§ **TASK DETAILS**
The result should be the listing below restated word for word, with images left out.

§ **RECORDED DATA**
*****
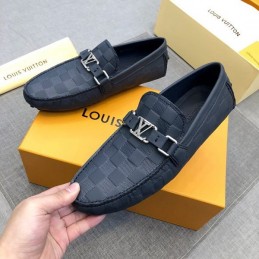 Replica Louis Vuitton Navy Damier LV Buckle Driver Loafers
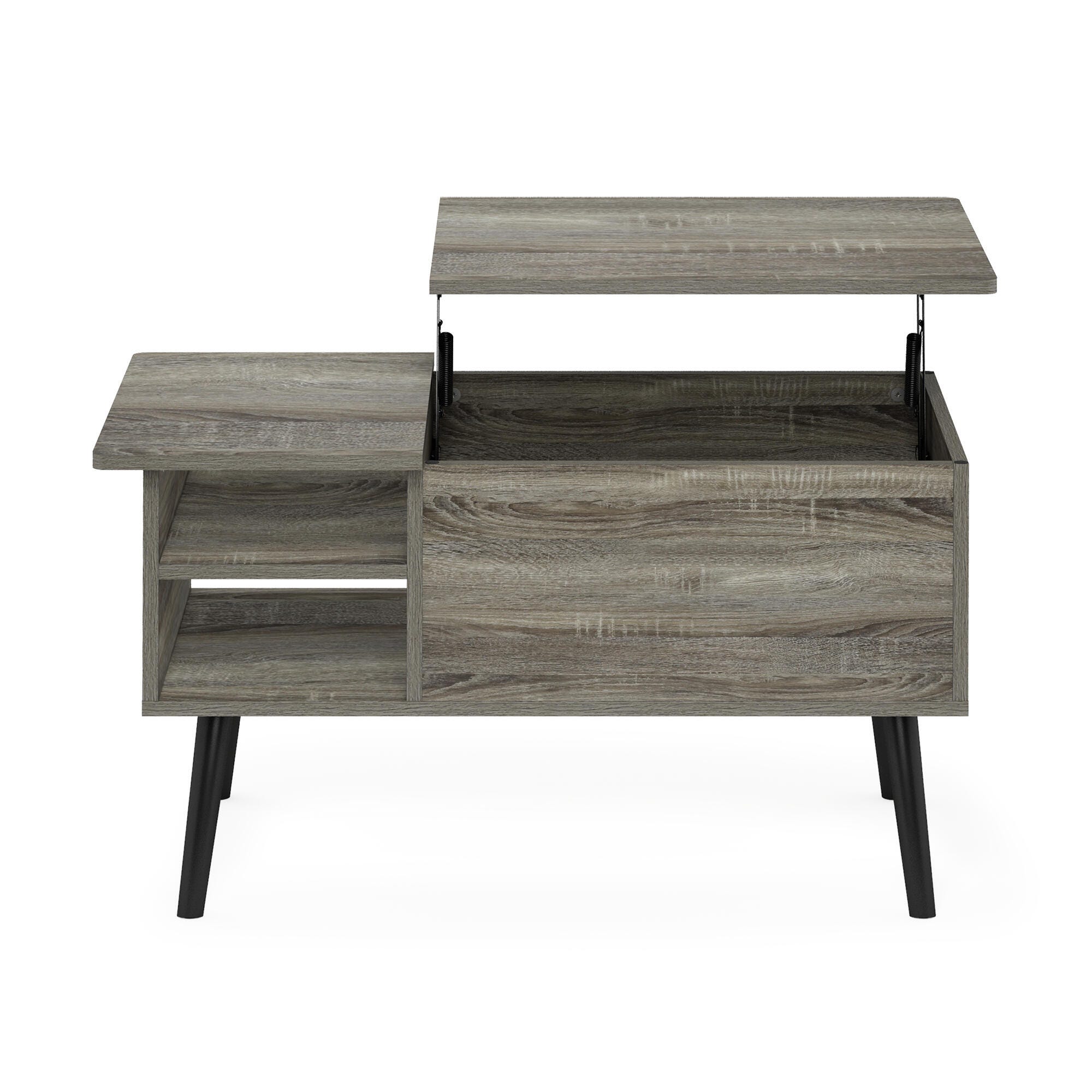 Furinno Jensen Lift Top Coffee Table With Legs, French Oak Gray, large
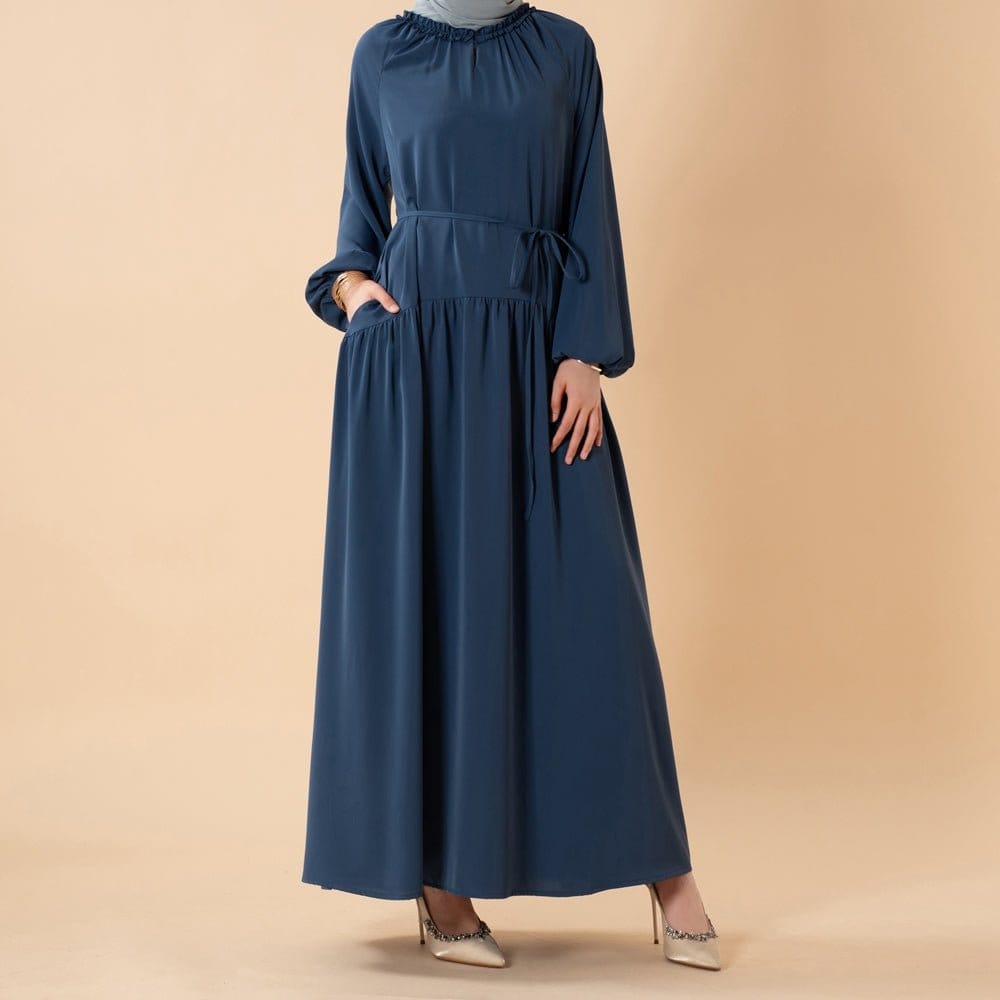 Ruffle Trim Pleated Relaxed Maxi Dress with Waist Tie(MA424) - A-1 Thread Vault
*****
§ **PROBLEM SOLUTION**
 Replica Louis Vuitton Navy Damier LV Buckle Driver Loafers
 Furinno Jensen Lift Top Coffee Table With Legs, French Oak Gray, large
 Ruffle Trim Pleated Relaxed Maxi Dress with Waist Tie(MA424) - A-1 Thread Vault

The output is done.